Thanks for keeping me straight. I don't think Chloe or Lily will be a "tiny". I considered Bambi a "tiny". Chloe is bulky and compact. Her Mom was much thinner framed than she is. We'll have to see. Lily's parents are average. She was half the size of her brother but already weighs 1.6 pounds at 9 weeks. They all grow so differently, some faster than others so it's really anyones guess until they are at least a year old, don't you think?


----------



## TLI (Sep 3, 2008)

rcj1095 said:


> Thanks for keeping me straight. I don't think Chloe or Lily will be a "tiny". I considered Bambi a "tiny". Chloe is bulky and compact. Her Mom was much thinner framed than she is. We'll have to see. Lily's parents are average. She was half the size of her brother but already weighs 1.6 pounds at 9 weeks. They all grow so differently, some faster than others so it's really anyones guess until they are at least a year old, don't you think?


Yeah, I agree. I always tell everyone that too. They can be tiny wee ones when they are young, and may stay that way, but can also hit some real good growth spurts, and end up much bigger than you'd think. There really isn't any way of knowing right now at this age. 

I always try to figure out how to explain how my 3 grew. They started out tiny, and I don't want to say "slow" growers, cause that doesn't sound right. They grew consistently, just weren't ever meant to be big, so they never had large growth spurts. Lexie actually kept her puppy chub until she was about 5 months old. They all grow differently, and like you mentioned, you never know what their size will end up until they are 9/12 months old. I've even seen some grow after that.


----------



## rcj1095 (Mar 4, 2009)

TLI said:


> Yeah, I agree. I always tell everyone that too. They can be tiny wee ones when they are young, and may stay that way, but can also hit some real good growth spurts, and end up much bigger than you'd think. There really isn't any way of knowing right now at this age.
> 
> I always try to figure out how to explain how my 3 grew. They started out tiny, and I don't want to say "slow" growers, cause that doesn't sound right. They grew consistently, just weren't ever meant to be big, so they never had large growth spurts. Lexie actually kept her puppy chub until she was about 5 months old. They all grow differently, and like you mentioned, you never know what their size will end up until they are 9/12 months old. I've even seen some grow after that.

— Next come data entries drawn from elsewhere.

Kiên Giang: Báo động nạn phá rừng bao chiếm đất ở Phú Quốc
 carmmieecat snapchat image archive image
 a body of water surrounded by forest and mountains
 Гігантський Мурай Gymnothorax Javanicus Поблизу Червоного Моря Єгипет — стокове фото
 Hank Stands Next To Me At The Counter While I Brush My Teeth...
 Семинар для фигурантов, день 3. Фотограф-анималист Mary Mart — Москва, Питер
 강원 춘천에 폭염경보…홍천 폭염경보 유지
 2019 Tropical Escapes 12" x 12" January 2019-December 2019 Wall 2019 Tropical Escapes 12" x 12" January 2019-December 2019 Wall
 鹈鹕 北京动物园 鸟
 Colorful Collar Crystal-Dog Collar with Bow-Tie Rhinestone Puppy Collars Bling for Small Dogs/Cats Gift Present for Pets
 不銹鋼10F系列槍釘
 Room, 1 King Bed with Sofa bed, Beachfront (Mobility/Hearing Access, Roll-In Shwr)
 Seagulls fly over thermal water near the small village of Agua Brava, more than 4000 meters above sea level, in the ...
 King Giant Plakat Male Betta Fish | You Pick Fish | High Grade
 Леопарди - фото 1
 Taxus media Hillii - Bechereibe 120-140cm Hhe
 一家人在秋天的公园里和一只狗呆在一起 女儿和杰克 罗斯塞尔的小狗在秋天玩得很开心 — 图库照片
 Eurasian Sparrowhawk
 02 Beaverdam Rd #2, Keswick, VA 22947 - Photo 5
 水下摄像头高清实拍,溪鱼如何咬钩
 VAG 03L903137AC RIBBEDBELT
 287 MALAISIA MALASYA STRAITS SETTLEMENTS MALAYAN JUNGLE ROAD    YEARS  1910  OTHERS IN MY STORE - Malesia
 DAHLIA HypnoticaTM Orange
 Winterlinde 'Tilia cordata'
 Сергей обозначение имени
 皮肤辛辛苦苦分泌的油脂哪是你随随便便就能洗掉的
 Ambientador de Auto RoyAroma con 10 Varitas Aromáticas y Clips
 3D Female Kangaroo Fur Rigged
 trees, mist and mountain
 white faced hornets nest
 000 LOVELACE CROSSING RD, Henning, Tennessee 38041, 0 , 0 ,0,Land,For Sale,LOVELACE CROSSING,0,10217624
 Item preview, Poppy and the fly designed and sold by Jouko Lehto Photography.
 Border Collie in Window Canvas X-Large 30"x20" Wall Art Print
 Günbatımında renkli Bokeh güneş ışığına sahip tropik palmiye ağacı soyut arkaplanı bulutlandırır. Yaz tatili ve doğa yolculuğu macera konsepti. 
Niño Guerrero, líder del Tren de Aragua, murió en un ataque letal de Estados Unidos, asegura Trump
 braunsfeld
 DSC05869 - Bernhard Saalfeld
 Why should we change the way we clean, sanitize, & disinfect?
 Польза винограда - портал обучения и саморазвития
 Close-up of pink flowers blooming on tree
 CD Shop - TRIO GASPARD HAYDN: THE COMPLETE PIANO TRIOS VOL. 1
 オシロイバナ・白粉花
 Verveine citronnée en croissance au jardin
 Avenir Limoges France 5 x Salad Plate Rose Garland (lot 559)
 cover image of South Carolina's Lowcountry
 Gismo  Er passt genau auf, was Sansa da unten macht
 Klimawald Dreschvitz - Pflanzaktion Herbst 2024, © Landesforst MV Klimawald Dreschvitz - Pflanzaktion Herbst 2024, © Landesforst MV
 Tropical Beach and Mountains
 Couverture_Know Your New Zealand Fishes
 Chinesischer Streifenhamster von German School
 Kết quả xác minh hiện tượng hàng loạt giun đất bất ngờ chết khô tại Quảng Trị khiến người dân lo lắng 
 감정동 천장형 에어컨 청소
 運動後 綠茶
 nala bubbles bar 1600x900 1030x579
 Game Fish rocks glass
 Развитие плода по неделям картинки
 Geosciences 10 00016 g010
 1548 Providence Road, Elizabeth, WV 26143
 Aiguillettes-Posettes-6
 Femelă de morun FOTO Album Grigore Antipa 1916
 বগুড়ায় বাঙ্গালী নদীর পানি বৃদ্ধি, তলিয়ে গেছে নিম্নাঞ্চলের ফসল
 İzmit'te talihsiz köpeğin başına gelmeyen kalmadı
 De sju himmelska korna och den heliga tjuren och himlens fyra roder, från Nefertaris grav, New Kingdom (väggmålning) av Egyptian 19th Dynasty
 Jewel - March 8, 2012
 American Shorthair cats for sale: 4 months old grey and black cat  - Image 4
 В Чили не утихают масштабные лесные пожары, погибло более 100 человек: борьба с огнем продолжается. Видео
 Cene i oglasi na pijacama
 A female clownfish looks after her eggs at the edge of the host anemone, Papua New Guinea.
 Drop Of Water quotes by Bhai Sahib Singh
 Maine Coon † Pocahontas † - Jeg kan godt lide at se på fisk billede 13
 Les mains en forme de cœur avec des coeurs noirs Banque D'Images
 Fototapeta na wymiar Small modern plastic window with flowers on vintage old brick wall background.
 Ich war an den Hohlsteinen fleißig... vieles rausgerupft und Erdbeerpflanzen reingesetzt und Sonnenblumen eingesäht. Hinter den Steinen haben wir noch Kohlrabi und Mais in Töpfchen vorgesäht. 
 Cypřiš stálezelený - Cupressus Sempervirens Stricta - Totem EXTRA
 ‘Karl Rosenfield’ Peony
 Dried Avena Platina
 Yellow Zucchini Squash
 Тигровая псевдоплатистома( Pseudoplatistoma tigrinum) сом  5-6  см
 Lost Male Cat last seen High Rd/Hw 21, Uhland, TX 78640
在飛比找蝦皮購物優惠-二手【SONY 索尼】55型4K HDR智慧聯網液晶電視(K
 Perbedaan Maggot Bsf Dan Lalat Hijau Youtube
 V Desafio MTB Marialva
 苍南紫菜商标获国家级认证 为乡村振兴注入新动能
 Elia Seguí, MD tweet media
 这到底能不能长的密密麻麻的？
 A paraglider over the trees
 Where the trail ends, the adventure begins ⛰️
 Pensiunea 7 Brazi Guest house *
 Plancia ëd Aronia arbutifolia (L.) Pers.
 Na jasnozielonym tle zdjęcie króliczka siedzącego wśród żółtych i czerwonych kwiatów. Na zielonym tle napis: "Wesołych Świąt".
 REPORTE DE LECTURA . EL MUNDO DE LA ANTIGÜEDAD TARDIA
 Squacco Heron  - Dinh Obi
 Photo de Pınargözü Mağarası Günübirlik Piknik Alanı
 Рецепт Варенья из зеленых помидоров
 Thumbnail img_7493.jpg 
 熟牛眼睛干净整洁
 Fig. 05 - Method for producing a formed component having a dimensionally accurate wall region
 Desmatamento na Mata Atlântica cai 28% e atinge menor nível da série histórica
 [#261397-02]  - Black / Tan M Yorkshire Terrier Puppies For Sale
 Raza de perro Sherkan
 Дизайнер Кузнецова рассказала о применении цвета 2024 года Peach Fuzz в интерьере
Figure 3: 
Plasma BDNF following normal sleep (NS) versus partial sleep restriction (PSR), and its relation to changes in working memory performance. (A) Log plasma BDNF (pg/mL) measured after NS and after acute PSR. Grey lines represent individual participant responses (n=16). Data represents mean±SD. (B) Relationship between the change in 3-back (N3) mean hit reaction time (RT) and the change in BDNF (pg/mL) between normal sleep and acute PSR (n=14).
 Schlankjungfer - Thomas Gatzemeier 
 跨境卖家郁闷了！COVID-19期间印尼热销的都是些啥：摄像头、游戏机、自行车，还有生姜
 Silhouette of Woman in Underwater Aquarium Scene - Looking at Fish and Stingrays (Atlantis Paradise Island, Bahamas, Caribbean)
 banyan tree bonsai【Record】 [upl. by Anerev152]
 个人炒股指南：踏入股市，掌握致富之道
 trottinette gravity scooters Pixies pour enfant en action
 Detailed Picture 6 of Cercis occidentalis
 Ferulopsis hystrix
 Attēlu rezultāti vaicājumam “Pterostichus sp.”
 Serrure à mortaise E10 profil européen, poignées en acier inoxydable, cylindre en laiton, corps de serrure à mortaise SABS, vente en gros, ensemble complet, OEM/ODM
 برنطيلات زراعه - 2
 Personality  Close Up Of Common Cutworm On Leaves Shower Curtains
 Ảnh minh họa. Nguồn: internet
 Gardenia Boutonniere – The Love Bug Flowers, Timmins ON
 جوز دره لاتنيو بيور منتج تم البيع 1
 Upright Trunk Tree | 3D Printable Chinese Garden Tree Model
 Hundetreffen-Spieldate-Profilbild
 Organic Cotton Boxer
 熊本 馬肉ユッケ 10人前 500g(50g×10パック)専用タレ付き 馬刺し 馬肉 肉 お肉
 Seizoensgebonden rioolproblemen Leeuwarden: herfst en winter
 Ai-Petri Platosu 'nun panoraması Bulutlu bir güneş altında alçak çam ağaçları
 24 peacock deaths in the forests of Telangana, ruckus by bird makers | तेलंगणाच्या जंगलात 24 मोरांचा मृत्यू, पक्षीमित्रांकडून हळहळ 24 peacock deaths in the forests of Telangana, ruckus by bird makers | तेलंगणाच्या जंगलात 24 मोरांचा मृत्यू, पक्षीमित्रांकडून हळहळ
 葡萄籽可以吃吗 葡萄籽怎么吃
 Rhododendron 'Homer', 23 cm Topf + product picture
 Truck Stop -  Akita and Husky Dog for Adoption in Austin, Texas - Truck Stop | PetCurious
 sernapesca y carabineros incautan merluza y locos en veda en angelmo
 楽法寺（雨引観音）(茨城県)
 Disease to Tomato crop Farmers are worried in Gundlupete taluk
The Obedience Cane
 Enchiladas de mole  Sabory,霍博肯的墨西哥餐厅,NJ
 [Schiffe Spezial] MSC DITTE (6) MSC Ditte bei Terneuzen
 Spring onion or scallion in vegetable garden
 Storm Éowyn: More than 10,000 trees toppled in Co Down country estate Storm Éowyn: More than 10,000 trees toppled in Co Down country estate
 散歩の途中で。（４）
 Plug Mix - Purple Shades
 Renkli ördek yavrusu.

Yep, I spent a long time talking with my breeder about it the other day. There can also be a huge size difference between pups from the same litter. She's gotten pretty good at guessing but she said some of her biggest pups were the smallest at birth. They all grow at different weights. She's big on the breed standard. She finishes all her Bitches before she breeds them. Her average pup adult size is 4 pounds or so. It really is anyone's guess. It sure is fun to talk about and analyze though, isn't it?


----------



## cprcheetah (May 4, 2009)

Awww! Look at those ears! She's a cutie! Zoey was 1.11# at 4 months and she's 4.10# full grown


----------



## avbjessup (Apr 20, 2009)

I think she's a little cutie! Doesn't even really look all that fragile to me. As far as her head goes, it may even be the picture. I look at some of the ones of Lily and think they don't represent her or her size well at all. Whatever the case, I hope she finds a loving, responsible forever home.


----------



## unchienne (Mar 29, 2009)

Adorable as can be, but wwaaaaaay too small for my comfort zone. I'm pushing it with Tilly who is around the same age but 1 lb. 14 oz. Tilly's tiny features has me petting her most of the time with one finger. If I had a dog any smaller I wouldn't pet it at all. Just look from a distance and pray that there were no strong winds.


----------



## Ivy's mom (Feb 15, 2008)

I think she is a doll. I LOVE the teenie ones. I think her head looks fine also. It looks typical for the tiny ones with a nice applehead. I also think she will grow into her head so to speak.


Lori


----------



## Rosiesmum (Oct 14, 2007)

I know in Jago's litter there was a cute very tiny boy. A lovely looking little baby, but he was already reserved, and anyway, we were looking for a bigger puppy.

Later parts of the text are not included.